Task statement:
Without including any pictures, please copy every entry below exactly.

###

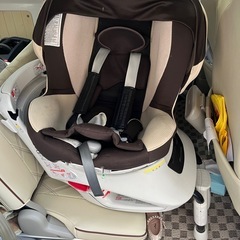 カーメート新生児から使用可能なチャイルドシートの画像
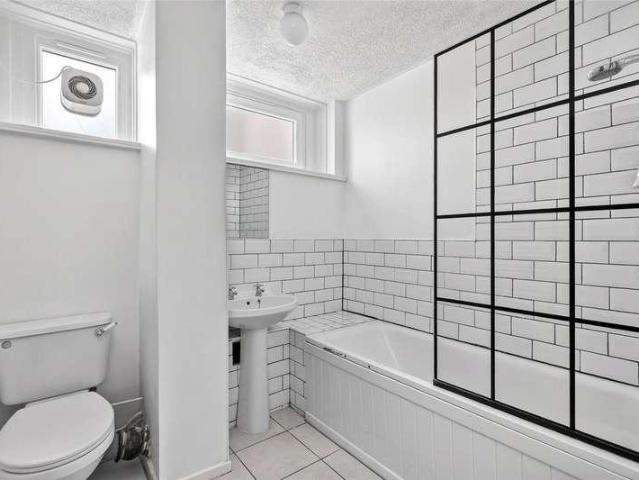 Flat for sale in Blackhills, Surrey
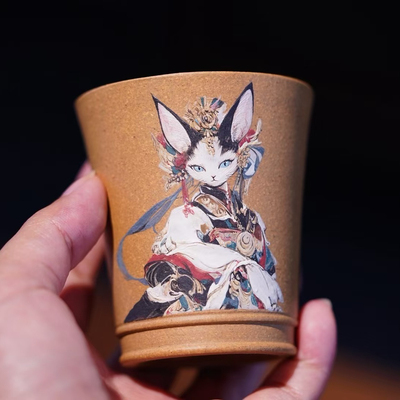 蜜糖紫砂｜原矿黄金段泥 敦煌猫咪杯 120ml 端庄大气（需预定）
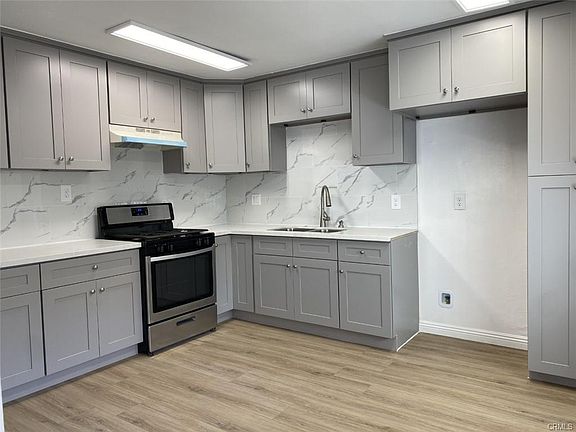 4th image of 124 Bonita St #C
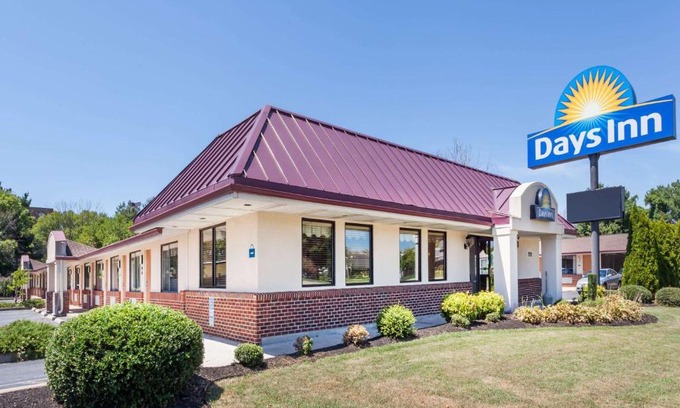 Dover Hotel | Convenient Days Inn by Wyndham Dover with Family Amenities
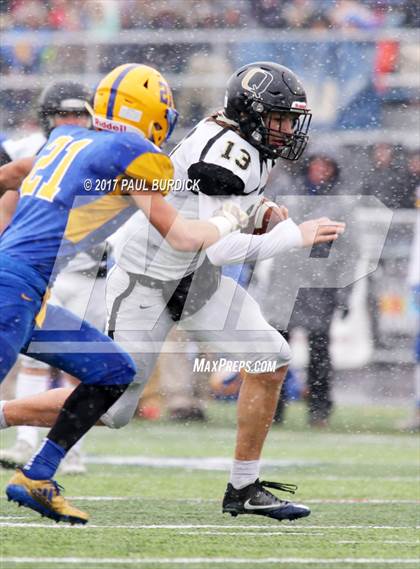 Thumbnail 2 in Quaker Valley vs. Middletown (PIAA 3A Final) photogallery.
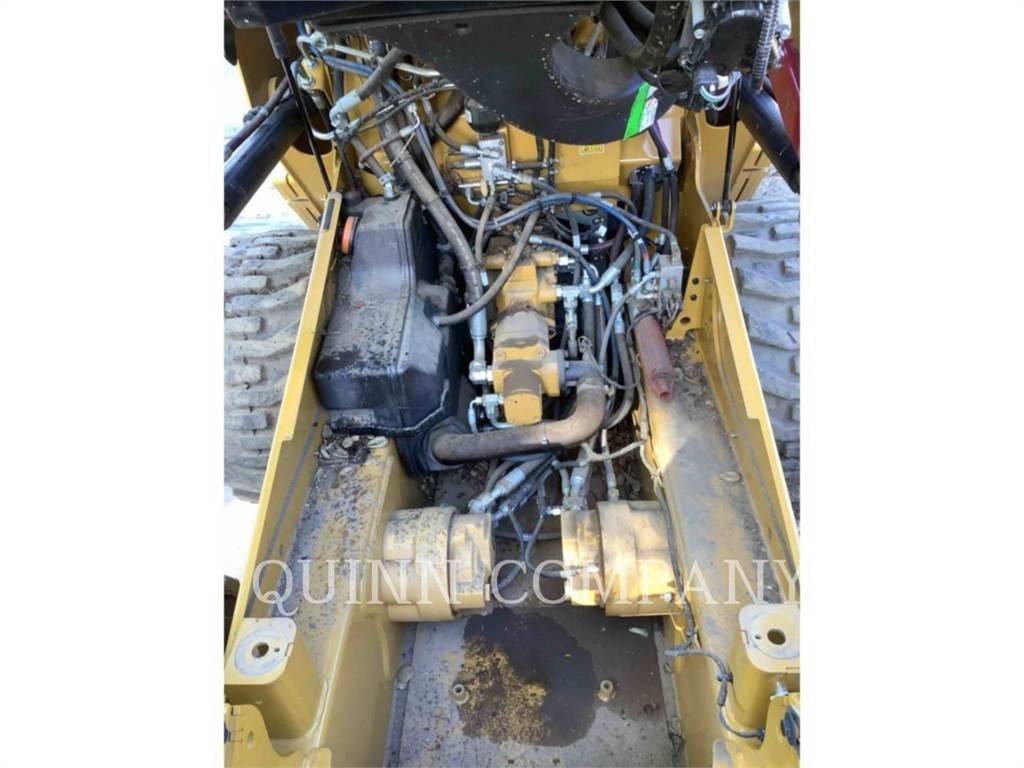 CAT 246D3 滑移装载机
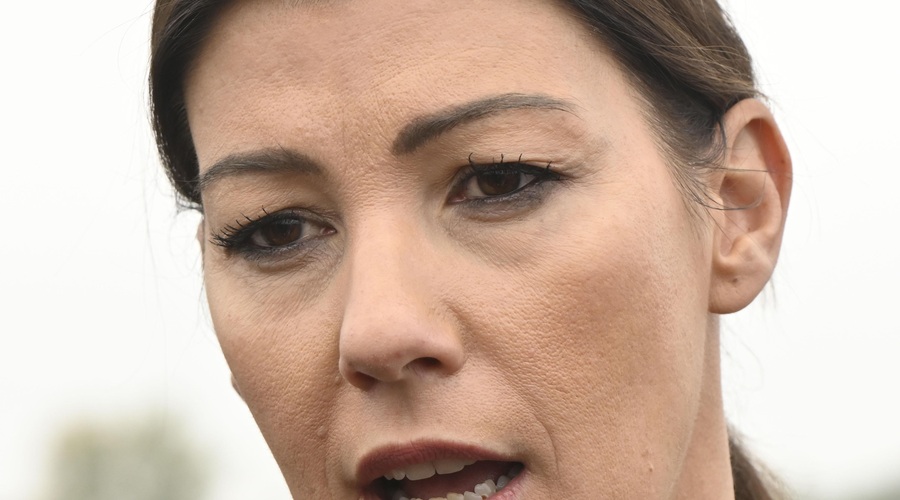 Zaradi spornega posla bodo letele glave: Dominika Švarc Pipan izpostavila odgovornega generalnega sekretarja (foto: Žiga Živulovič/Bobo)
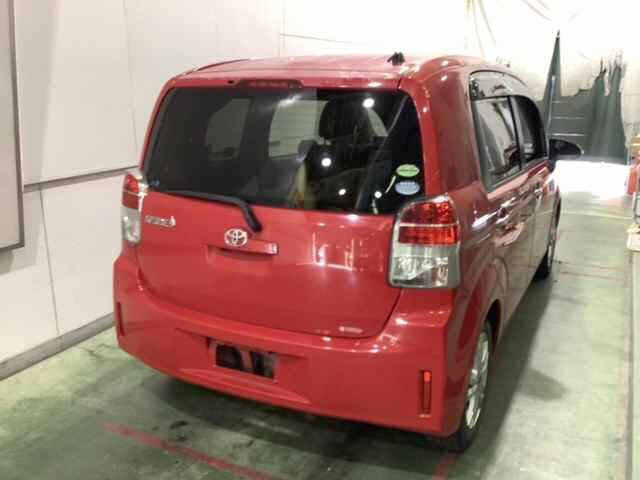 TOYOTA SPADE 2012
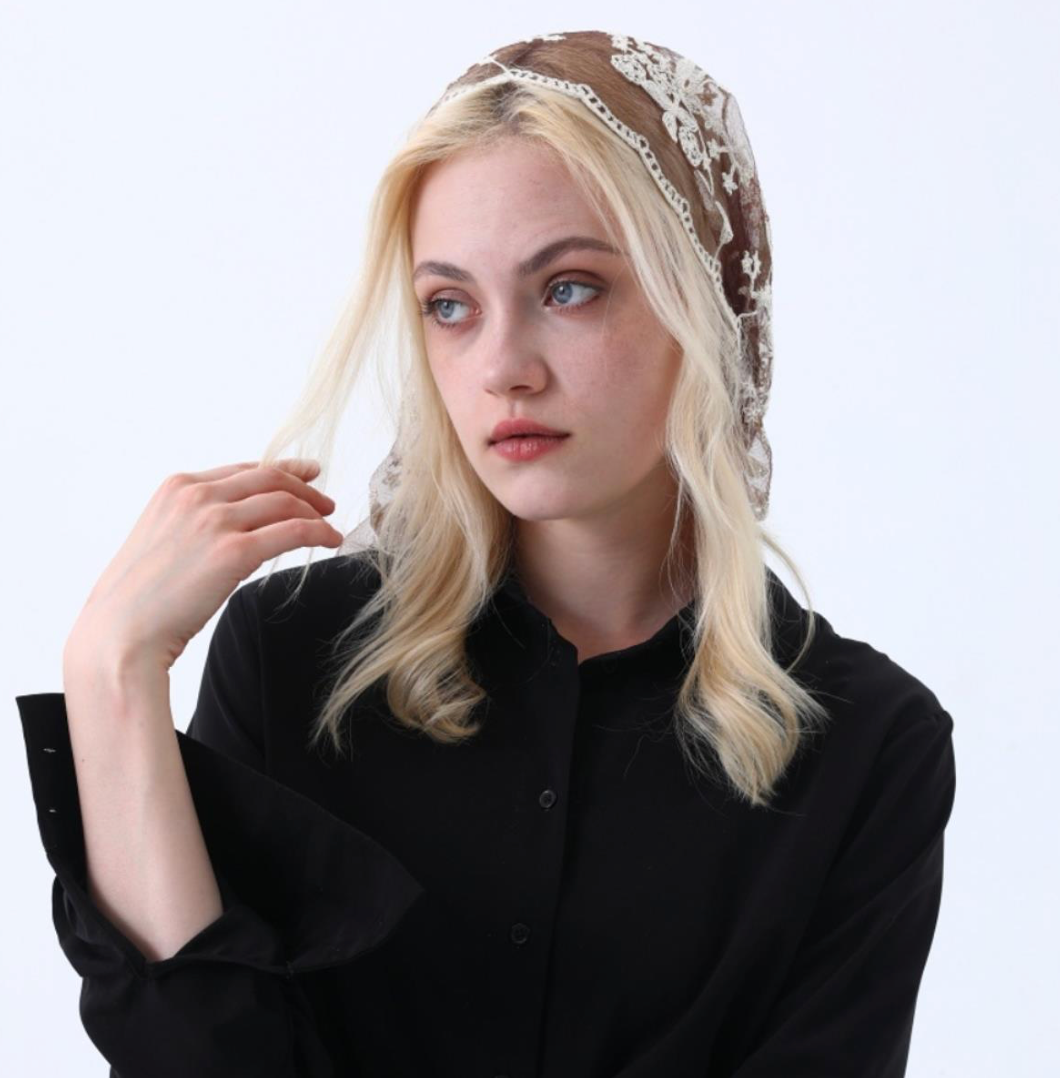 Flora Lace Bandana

###

Worked solution:
 カーメート新生児から使用可能なチャイルドシートの画像
 Flat for sale in Blackhills, Surrey
 蜜糖紫砂｜原矿黄金段泥 敦煌猫咪杯 120ml 端庄大气（需预定）
 4th image of 124 Bonita St #C
 Dover Hotel | Convenient Days Inn by Wyndham Dover with Family Amenities
 Thumbnail 2 in Quaker Valley vs. Middletown (PIAA 3A Final) photogallery.
 CAT 246D3 滑移装载机
 Zaradi spornega posla bodo letele glave: Dominika Švarc Pipan izpostavila odgovornega generalnega sekretarja (foto: Žiga Živulovič/Bobo)
 TOYOTA SPADE 2012
 Flora Lace Bandana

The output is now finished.